Higher-order abstract syntax

fizixer · on Aug 16, 2016

Based on my limited knowledge, SSA form is at a higher level than AST (right?). If yes, would SSA be considered an example of HOAS?

Regardless, besides the question posed by OP, I wonder what the relation between SSA and HOAS might be?

mafribe · on Aug 16, 2016

ASTs and SSA are orthogonal concepts. ASTs are a representation of syntax (including SSA) where immediate subterms are easily accessible (unlike with strings as representation). Easy access to subterms is important for the efficiency of type-checkers and code-generators. In contrast, SSA is a simple programming language that is often used as an intermediate form in code generators.

HOAS is a form of embedding a language L with binders into a language L-Base also with binders and functions, but such that L-binders are handled by functions in L-Base and the problem of defining capture-avoiding substitution for L-terms is reduced to reusing L-Base's capture-avoiding substitution. (NB L = L-Base is possible but not required.)

HOAS is neat, but (simplifying a bit) prevents you from making inductive definitions on L terms. There are various ways of getting around this shortcoming, the most principled one is probably the nominal approach of A. Pitts et al. Another problem with HOAS is that the representation may contain 'junk'. That means there are L-Base terms that do not represent L-programs.

trurl · on Aug 17, 2016

HOAS representations can only contain junk if you have not taken appropriate precautions. See the paper "Boxes Go Bananas" for one technique.

mafribe · on Aug 17, 2016

Yes, that's right. But you need parametric polymorphism for "Boxes Go Bananas" which may not be available in some languages.

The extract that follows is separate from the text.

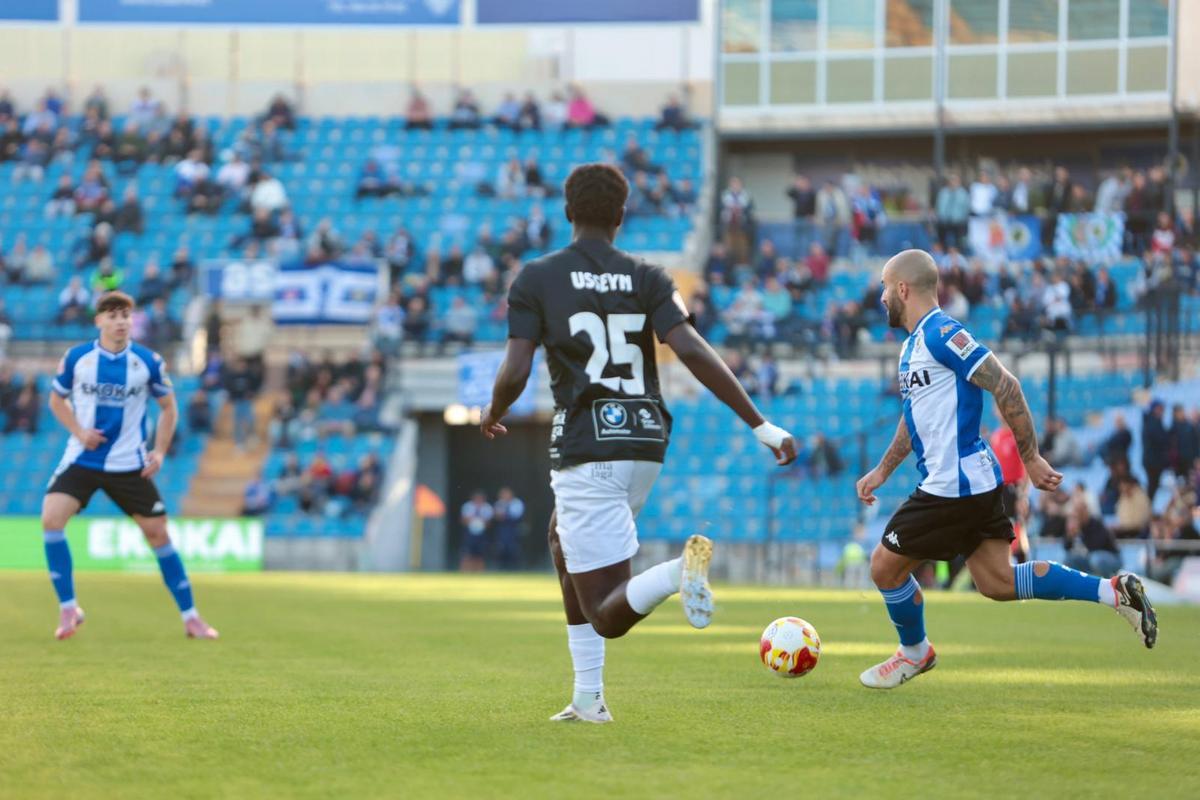 Jiménez da un pase durante el Hércules-Torremolinos.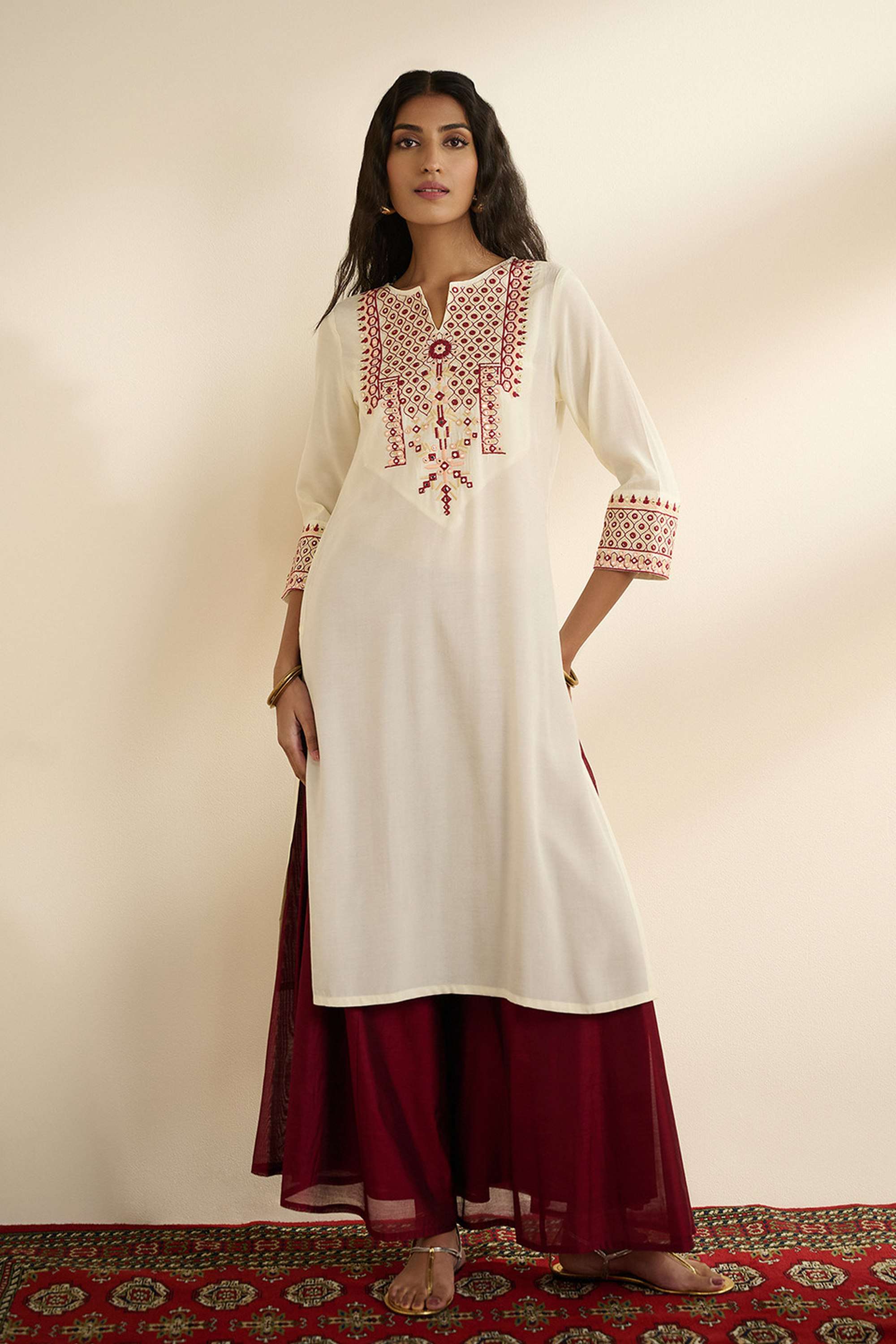 Embroidered-Viscose-Round-Neck-Women-s-Casual-Wear-Kurta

adamnemecek · on Aug 16, 2016

I'd be very interested to hear opinions of people who've actually used this and if so for what?

danharaj · on Aug 16, 2016

It's quite ingenious but it's not as convenient as locally nameless representation for working underneath binders. In Haskell if you want to do variable binding you ought to use the bound library[1]. It's been seriously used in at least one compiler project[2].

[1] https://hackage.haskell.org/package/bound [2] https://github.com/ermine-language/ermine

doomrobo · on Aug 16, 2016

The Rust compiler uses DeBrujin indices to refer to variables at some point in the compilation process.

tel · on Aug 18, 2016

But that's pretty much exactly what HOAS is avoiding ;)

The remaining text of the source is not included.